Mr. Secretary, I have enormous respect for your character and ability. You have preserved more international credibility for us than our policy deserves, and salvaged something positive from the excesses of an ideological and self-serving Administration. But your loyalty to the President goes too far. We are straining beyond its limits an international system we built with such toil and treasure, a web of laws, treaties, organizations, and shared values that sets limits on our foes far more effectively than it ever constrained America's ability to defend its interests.

I am resigning because I have tried and failed to reconcile my conscience with my ability to represent the current U.S. Administration.

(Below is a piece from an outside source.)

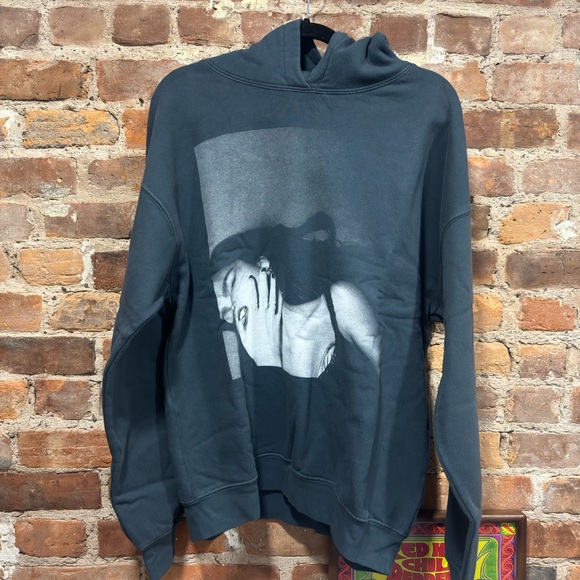 DAYDREAMER LA OLIVIA RODRIGO GUTS HOODIE - Picture 4 of 7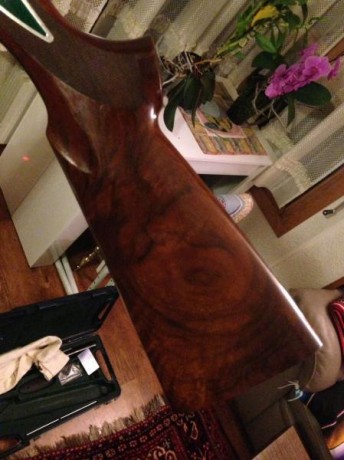 Vendo impecable beretta al391 tecknys stonecoat gold, lágrima verde. muy pocos tiros. maderas y pavon 10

I have confidence that our democratic process is ultimately self-correcting, and hope that in a small way I can contribute from outside to shaping policies that better serve the security and prosperity of the American people and the world we share.

Conservative Newspapers on 2/15 Protests

(As noted on the afternoon of February 16)

Canada's National Post: "Millions say 'No' to war. Cities around the world overrun in biggest protest in history"

Barricade, antiwar demonstration, New York City, 2/15/03

Orlando Sentinel: "Millions Protest War" (mainly a summary of wire services)

Cleveland Plain Dealer: No coverage on home page. AP story, "Demonstrators around the World March against War with Iraq," runs below headlines about the weather and a Bloodmobile.

Arkansas Democrat Gazette: No coverage on home page

Las Vegas Review Journal: No coverage on home page, but you can read about a stock car race being delayed by twenty minutes due to weather.

Indianapolis Star: "Weather Fails to Dampen Spirits at Rally" linked from home page. The lede, "Hearty Hoosiers, about 450 of them, braved snow, sleet and horizontal hail Saturday to join in spirit with millions of people around the world protesting an impending war with Iraq," is the only mention of protests outside Indianapolis.

Oklahoma City Daily Oklahoman links to an AP story, "Iraq Hails Rallies; U.S. Works in Turkey." Lede: "Iraq on Sunday took heart from the global outpouring of opposition to the U.S. threat of attack, saying anti-war demonstrations in dozens of countries signaled an Iraqi victory and "the defeat and isolation of America." No other coverage.

Manchester Union Leader: An A.P. story, "Anti-war protesters gather near United Nations in NYC," is linked near top of home page. The story also summarizes protests elsewhere.

New York Post: "When Doves Cry: Dozens Busted in Anti-War Protests" linked at top of home page. Despite the headline, the article is actually a fairly balanced account of the New York protest. Beyond its mention that "It was one of many rallies around the world yesterday. More than a million people came out in Rome and London to protest the impending war in Iraq," no coverage of demonstrations elsewhere is offered.

Washington Times: Link to "Protests for Peace" near top of home page. The long article has a brief summary of demonstrations in the United States, but no mention of protests elsewhere apart from a single sentence noting that "Anti-war protests yesterday occurred in 300 cities worldwide, including 78 cities in Europe." Longer coverage of how protests were organized, and about the participation of "anti-war conservatives."

Orange County Register: Home page links to AP story, "Europe's Cities Send a Message," summarizing European protests (and featuring high-end participation figures for the most part). A "Related Stories" link from this article points to "O.C.'s biggest anti-war protest draws 2,000," which also covers other U.S. protests briefly -- and with much attention to counterprotests ("about 1,000 in Manhattan and a handful in Orange," as well as "some 200 war supporters" in Wausau, Wisconsin). Antiwar attendance estimates for New York appear later in the article, not at all for Wausau.